Director Thomas (darkly charming Vincent Cassel) knows that Nina can embody the White Swan, but questions whether she can summon the dark fire of the Black Swan. Thomas replaces his aging lover– prima ballerina Beth (used and tragic Winona Ryder), in his envisioning of “Swan Lake”. Nina is aware that she may be auditioning for more than just the lead. Her obsessive stage Mom Erica (dramatically taut Barbara Hershey), also fears the inevitable. Erica is eerily controlling, and as a former dancer proxies her life for her daughter Nina. Here Aronofsky brilliantly exposes Nina as one who forsakes greatness for perfection. However, I think he forfeits this thread in the catharsis. Enter Mila Kunis’s Lily, the Black Swan of the tale. Lily is the talented untamed dancer, willing to risk all in life and in dance. Lily lacks the precision of Nina, but possesses unbridled passion and sensuality.
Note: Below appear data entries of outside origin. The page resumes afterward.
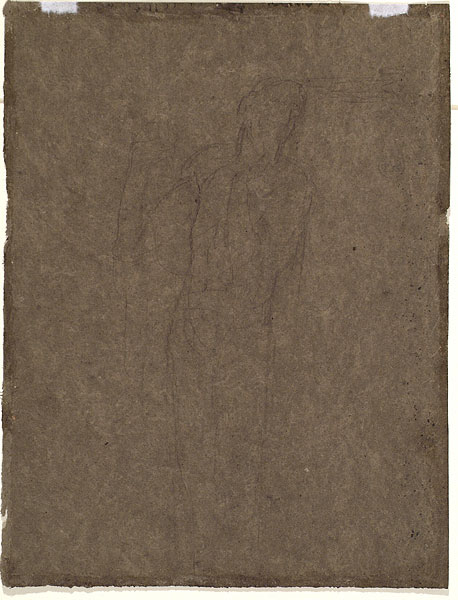 Study for 'Phoenicians Bartering with Ancient Britons': Male Phoenician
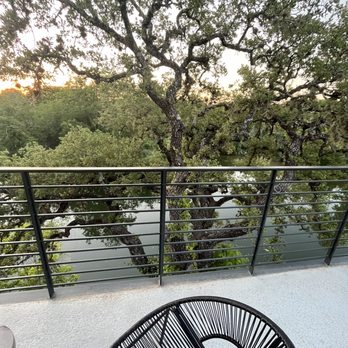 The Ruby Hotel & Bar - View from corner balcony. - Hotels Near Me - Round Rock, Texas The Ruby Hotel & Bar - View from corner balcony. - Hotels Near Me - Round Rock, Texas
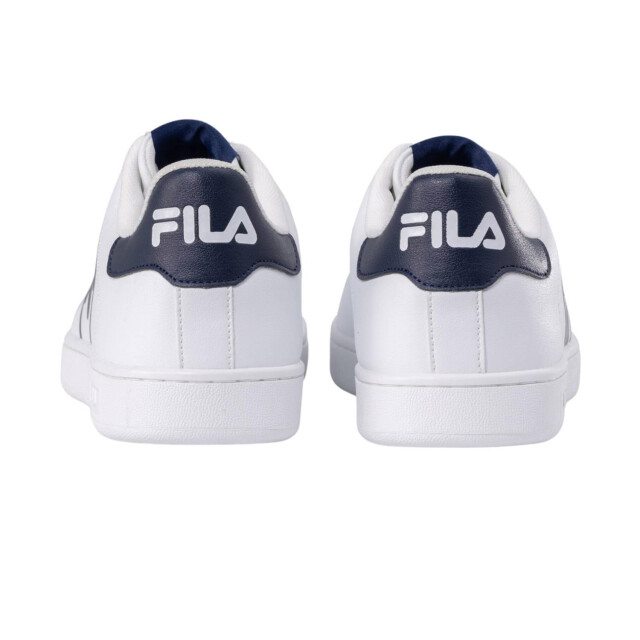Fila Heren courtbay logo trainers UTMR78392_white large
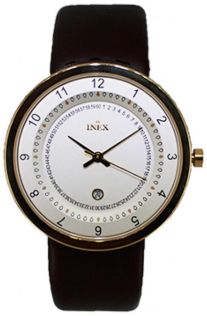A112D4A Inex Ladies Guldfarvet/Sølvfarvet A112D4A
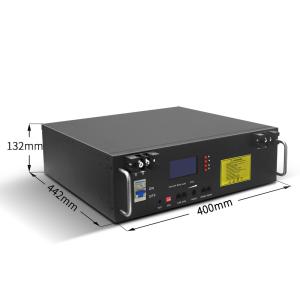 Wholesale LiFePO4 Rack Mount Battery 51.2V 50Ah 100Ah 200Ah Server Rack Mount Lithium Battery from china suppliers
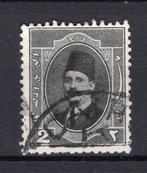 ÉGYPTE Yt. 83 estampillée 1923-1924, Enlèvement ou Envoi, Égypte, Affranchi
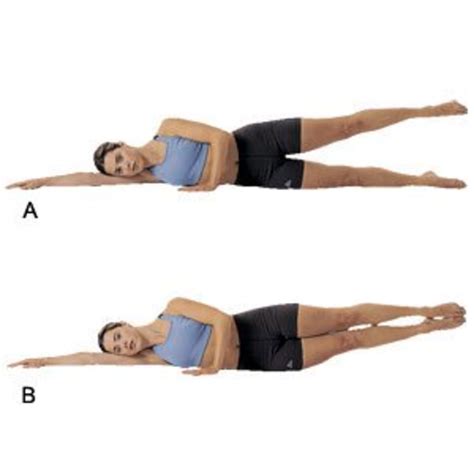 Leg Lift Challenge Exercises With Posters | CalorieBee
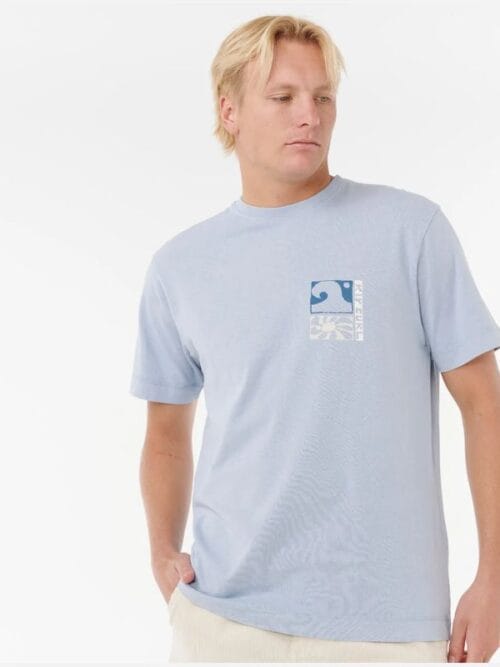 Aots Ty Williams Coastline Tee - Black - Rip Curl
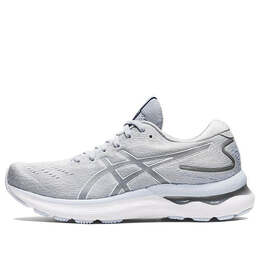 Кроссовки гелевые нимбус 24 ширина Asics, серый 1012b199-021 | grey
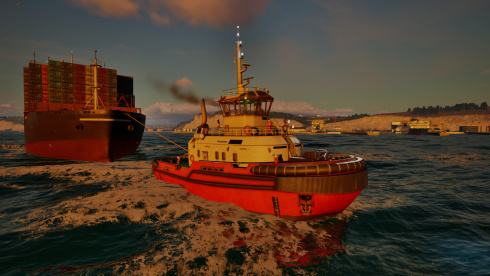 Professional Ship Simulator - скриншот 3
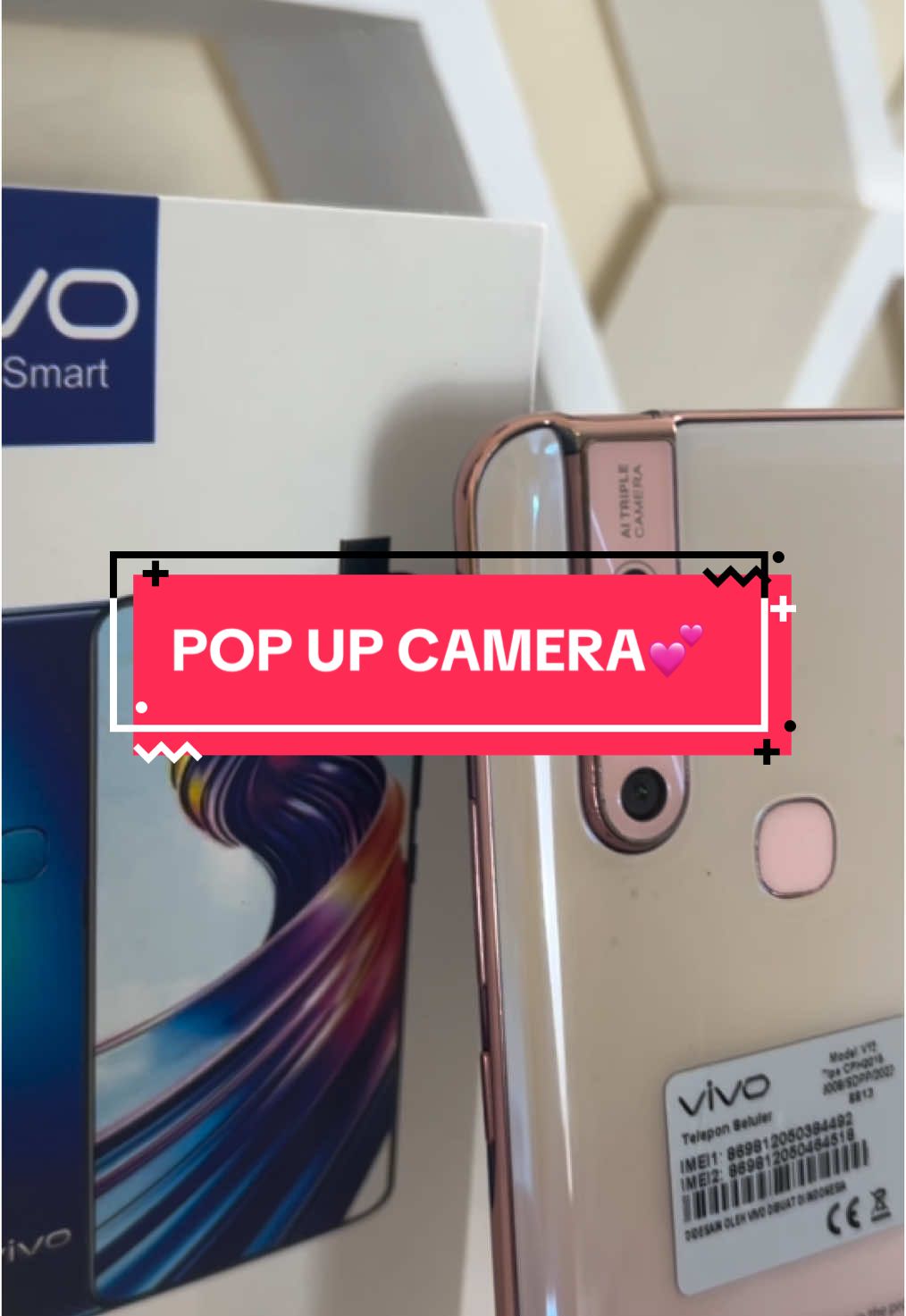 Camera POP UP emang ada? Ada dong 💕 #v #v15 #pop #up #camera #jernih #yuk #cekoutsekarang #promo #fyppppppppppppppppppppppp #gyp 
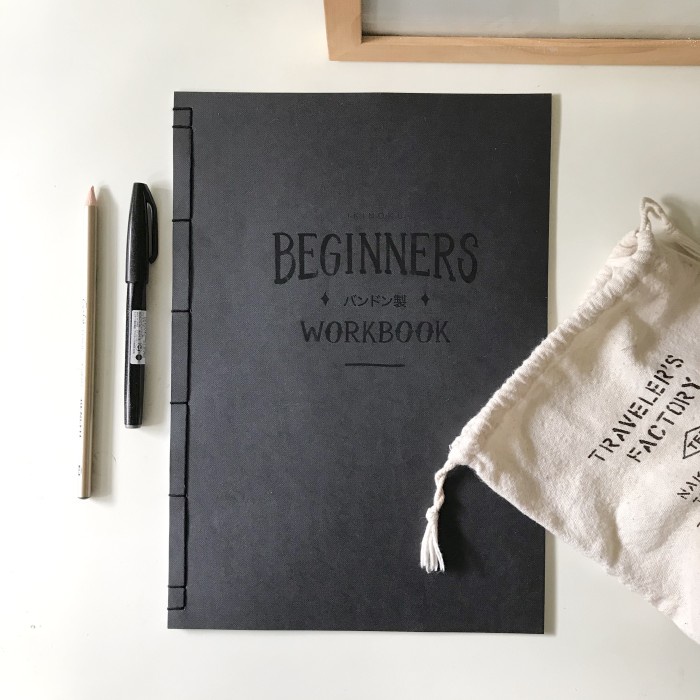

[RESTOCK] Ikinoku Lettering Beginners Workbook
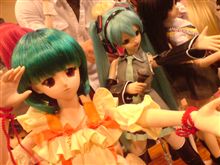 ランカちゃんがみっくみくに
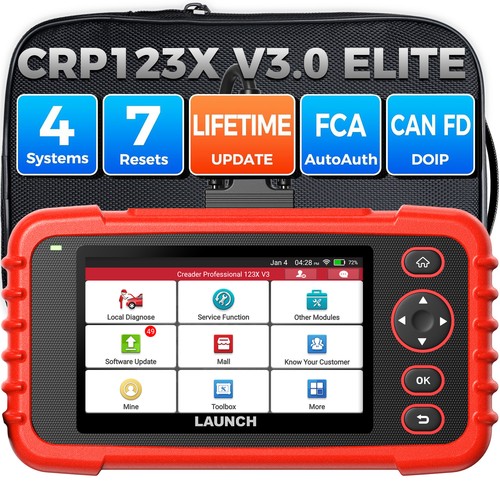 Launch crp123x obd2 - crp123x,
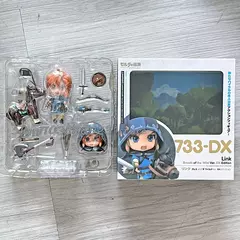 Imagem do Legend of Zelda Breath of the Wild, Action Figure Animação, Coleção de brinquedos, Modelo artesanal, presente de aniversário, Anime, 733 Link, 1212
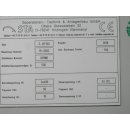 B13473 I Tuchbandfilter Schwerkraft Vliesbandfilter STA E-BF150 neuwertig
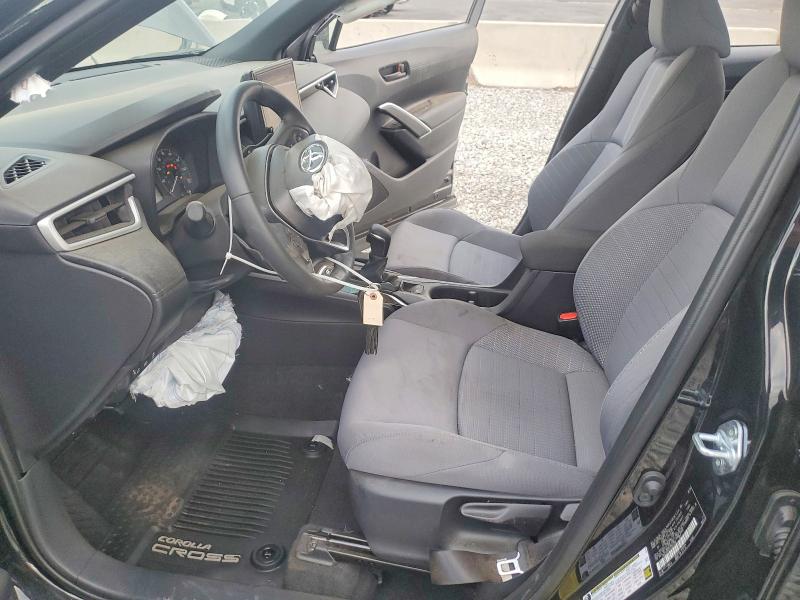 2025 Toyota Corolla Cross Hybrid მანქანა იყიდება აუქციონზე, vin: 7MUFBABG3SV087998, აუქციონის ნომერი: 99997925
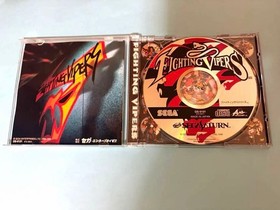 SS Saturn Fighting Vipers⭐︎Fighting actigame⭐︎ KA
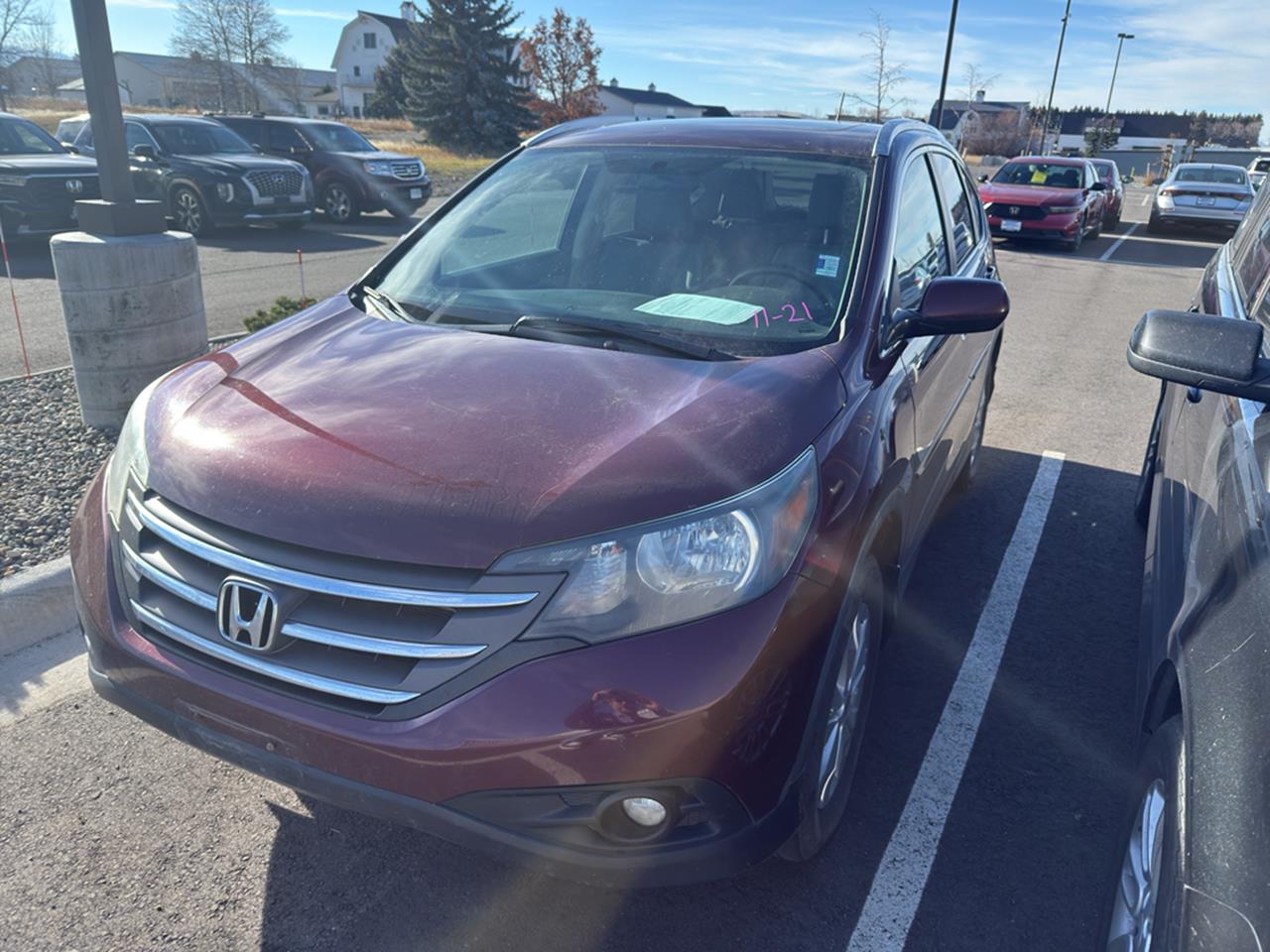 2014 Honda CR-V EX-L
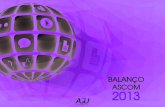 Balanco Ascom AGU 2013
Lily and Nina are logical rivals, and lyrical Yin and Yang of the same person. If you are a fan of YouTube, you are aware of their erotic Sapphic tryst. It is captivating; however, like much of “Black Swan” this occurs as manipulation on the part of the director. The concluding arc of “Black Swan” lost me. Half way through, we get that Nina is battling for her own sanity. To that end, Portman is amazing and displays poignant suffering and muted joy. The performances are grand. Cassel is creepy duplicity. Kunis is awesome as the maverick dancer living on the edge.
I think “Black Swan” fails despite great effort in exposing the perfection myth. Yes, perfection is manifested in youth, beauty, and talent. There is perfection in icons like James Dean and Bruce Lee. The tragedy of these icons was that the possibility of greatness was forsaken too soon. “Black Swan” celebrates the pursuit of perfection, not the legacy of greatness—of altering and inspiring the world. Perfection is misguided and fleeting pursuit. Greatness is the game worth playing and living. “Black Swan” seems to miss this distinction, and that is a little sad.